At the moment my measurement hardware is:

- mic preamp: rane ms1s
- mic: ECM8000
- soundcard: a cheap USB soundcard with 4 RCA
- loudspeaker: tannoy precision 8 passive (I love these one!)

I'm planning to buy an earthwork M23 with calibration data. Do you think is it worth it ? (don't know if it's the good expression in english...onder

Do you think the sound card is ok for that ? (in close loop the response is quite flat...)


Thanks !


----------



## PepAX7 (Mar 11, 2008)

Hey Atomik,

Earthworks makes some great microphones. They are somewhat rugged and are very affordable as reference mics go. I see them being used by many professionals for analyzing rooms.
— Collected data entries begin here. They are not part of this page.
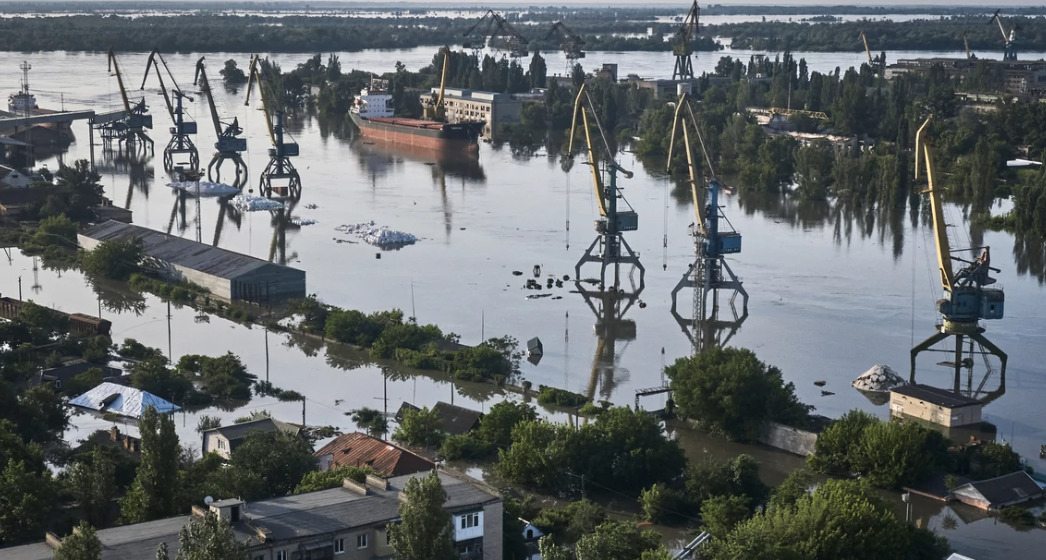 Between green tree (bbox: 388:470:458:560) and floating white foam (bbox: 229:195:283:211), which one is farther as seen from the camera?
floating white foam (bbox: 229:195:283:211)


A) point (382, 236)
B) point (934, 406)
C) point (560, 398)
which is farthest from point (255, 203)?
point (934, 406)

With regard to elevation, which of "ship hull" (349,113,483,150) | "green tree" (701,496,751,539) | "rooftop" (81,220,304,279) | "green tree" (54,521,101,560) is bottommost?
"green tree" (701,496,751,539)

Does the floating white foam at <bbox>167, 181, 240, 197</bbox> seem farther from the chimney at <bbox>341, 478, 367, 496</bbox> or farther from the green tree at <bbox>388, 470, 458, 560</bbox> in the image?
the green tree at <bbox>388, 470, 458, 560</bbox>

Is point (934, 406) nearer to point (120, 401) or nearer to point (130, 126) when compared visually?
point (120, 401)

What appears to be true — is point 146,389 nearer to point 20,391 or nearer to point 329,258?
point 20,391

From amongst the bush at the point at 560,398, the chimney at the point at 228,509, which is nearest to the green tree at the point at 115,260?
the bush at the point at 560,398

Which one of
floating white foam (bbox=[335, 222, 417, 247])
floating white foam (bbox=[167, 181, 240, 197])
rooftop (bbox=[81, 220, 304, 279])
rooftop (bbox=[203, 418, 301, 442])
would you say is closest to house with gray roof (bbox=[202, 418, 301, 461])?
rooftop (bbox=[203, 418, 301, 442]) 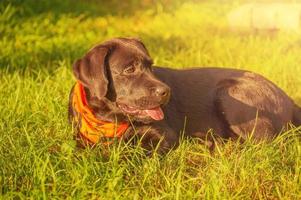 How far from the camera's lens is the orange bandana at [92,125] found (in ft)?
16.7

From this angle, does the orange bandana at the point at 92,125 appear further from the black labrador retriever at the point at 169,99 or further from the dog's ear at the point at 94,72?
the dog's ear at the point at 94,72

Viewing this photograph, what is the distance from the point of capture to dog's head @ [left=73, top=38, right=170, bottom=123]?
194 inches

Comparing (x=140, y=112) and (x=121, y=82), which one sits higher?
(x=121, y=82)

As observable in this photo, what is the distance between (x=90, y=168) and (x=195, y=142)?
131 centimetres

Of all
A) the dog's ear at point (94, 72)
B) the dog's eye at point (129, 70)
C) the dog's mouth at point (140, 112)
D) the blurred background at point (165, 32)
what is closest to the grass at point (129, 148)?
the blurred background at point (165, 32)

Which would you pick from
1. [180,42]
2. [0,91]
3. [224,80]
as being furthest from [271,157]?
[180,42]

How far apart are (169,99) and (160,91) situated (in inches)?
23.7

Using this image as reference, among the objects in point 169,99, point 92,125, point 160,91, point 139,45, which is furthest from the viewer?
point 169,99

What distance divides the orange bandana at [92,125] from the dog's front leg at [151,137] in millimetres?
77

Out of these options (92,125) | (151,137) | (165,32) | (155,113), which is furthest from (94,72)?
(165,32)

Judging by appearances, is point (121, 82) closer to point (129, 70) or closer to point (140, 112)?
point (129, 70)

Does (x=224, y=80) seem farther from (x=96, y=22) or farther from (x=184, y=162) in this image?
(x=96, y=22)

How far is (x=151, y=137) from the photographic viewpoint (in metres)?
5.23

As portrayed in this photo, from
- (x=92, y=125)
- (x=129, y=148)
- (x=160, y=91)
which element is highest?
(x=160, y=91) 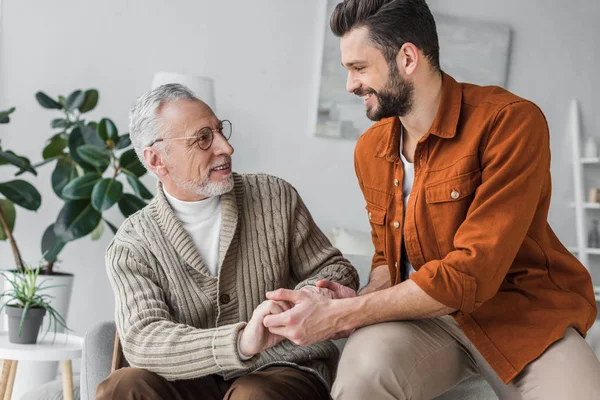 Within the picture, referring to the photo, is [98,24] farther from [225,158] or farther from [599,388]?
[599,388]

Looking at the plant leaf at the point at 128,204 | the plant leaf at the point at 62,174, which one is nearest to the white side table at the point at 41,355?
the plant leaf at the point at 128,204

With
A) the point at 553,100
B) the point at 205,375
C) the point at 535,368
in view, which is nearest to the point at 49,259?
the point at 205,375

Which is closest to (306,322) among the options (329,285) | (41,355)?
(329,285)

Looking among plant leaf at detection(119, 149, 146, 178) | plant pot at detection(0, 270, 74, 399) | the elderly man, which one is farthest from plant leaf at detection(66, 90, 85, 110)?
the elderly man

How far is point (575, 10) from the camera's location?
4914 millimetres

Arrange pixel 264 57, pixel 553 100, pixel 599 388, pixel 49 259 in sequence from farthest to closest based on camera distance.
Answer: pixel 553 100 < pixel 264 57 < pixel 49 259 < pixel 599 388

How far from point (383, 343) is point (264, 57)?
293 cm

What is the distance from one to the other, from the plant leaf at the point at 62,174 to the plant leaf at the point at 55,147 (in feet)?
0.14

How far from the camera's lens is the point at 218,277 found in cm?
191

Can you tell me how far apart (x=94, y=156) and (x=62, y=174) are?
1.00 ft

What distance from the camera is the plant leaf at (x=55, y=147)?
354 centimetres

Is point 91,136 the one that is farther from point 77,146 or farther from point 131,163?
point 131,163

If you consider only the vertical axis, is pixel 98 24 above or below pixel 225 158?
above

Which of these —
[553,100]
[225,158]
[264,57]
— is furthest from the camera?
[553,100] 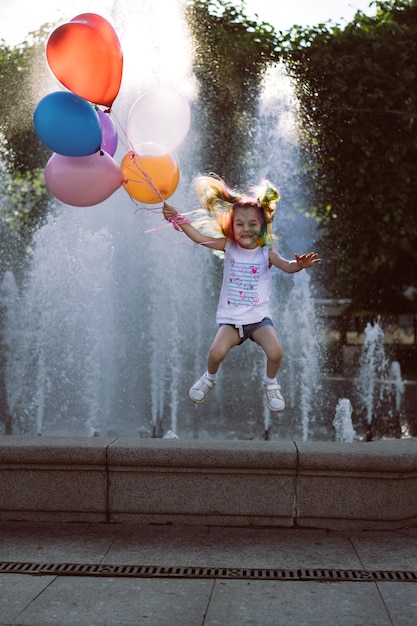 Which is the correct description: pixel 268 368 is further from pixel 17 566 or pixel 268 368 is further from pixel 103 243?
pixel 103 243

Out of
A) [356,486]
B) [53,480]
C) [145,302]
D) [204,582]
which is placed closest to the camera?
[204,582]

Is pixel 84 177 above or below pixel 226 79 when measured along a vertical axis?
below

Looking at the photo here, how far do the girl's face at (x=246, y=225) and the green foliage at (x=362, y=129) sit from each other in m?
15.7

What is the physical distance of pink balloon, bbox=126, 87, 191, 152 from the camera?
576 centimetres

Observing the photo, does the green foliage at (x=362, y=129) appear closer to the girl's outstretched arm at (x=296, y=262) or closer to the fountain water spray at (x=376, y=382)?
the fountain water spray at (x=376, y=382)

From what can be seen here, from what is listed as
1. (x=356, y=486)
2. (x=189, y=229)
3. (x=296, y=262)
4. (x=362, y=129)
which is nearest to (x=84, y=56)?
(x=189, y=229)

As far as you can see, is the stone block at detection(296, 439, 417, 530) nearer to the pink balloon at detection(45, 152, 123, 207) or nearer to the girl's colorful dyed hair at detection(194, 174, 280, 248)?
the girl's colorful dyed hair at detection(194, 174, 280, 248)

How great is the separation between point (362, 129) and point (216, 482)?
15.8m

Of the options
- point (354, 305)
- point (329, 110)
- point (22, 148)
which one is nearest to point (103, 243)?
point (22, 148)

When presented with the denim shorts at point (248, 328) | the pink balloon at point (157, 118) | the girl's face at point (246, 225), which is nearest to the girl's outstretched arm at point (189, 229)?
the girl's face at point (246, 225)

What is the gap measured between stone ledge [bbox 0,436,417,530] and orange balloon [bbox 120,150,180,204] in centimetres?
180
They are extremely flat.

They say they are an excellent acoustic piano microphone, too.

I don't think you'll find a better mic for the price.

Pep


----------



## chonc (Jun 9, 2009)

I agree with Pep, earthworks are great microphones that you can use as reference and as instrument mic also. If you can afford a pair of TC30K they are great flat mics that you can use as reference (they are flat up to 30kHz) and they sound great as drum OH's!
You can try the M-audio sound cards with mic pre... I hear they are pretty flat for making measurements.


----------



## Equilibrium8 (Sep 11, 2008)

You asked about the soundcard, but you didn't mention the exact make and model. Could you give some details on that? 

The Earthworks would be great, but there are many mics which would be an upgrade on the ECM8000.


----------



## bpape (Sep 14, 2006)

I would agree with the M-Audio. Very nice cards for the money without getting silly expensive.

Bryan


----------



## atomik (Apr 8, 2009)

Thanks for your responses.

At the moment a simple jbsystem usb card

It's very cheap I know...but it works. 

I see the M-AUDIO FAST TRACK PRO. It simplify my cables because I don't need sound card + preamp.

Another simple question: Is REW accurate ? (like other acoustic programs..ETF for example)


----------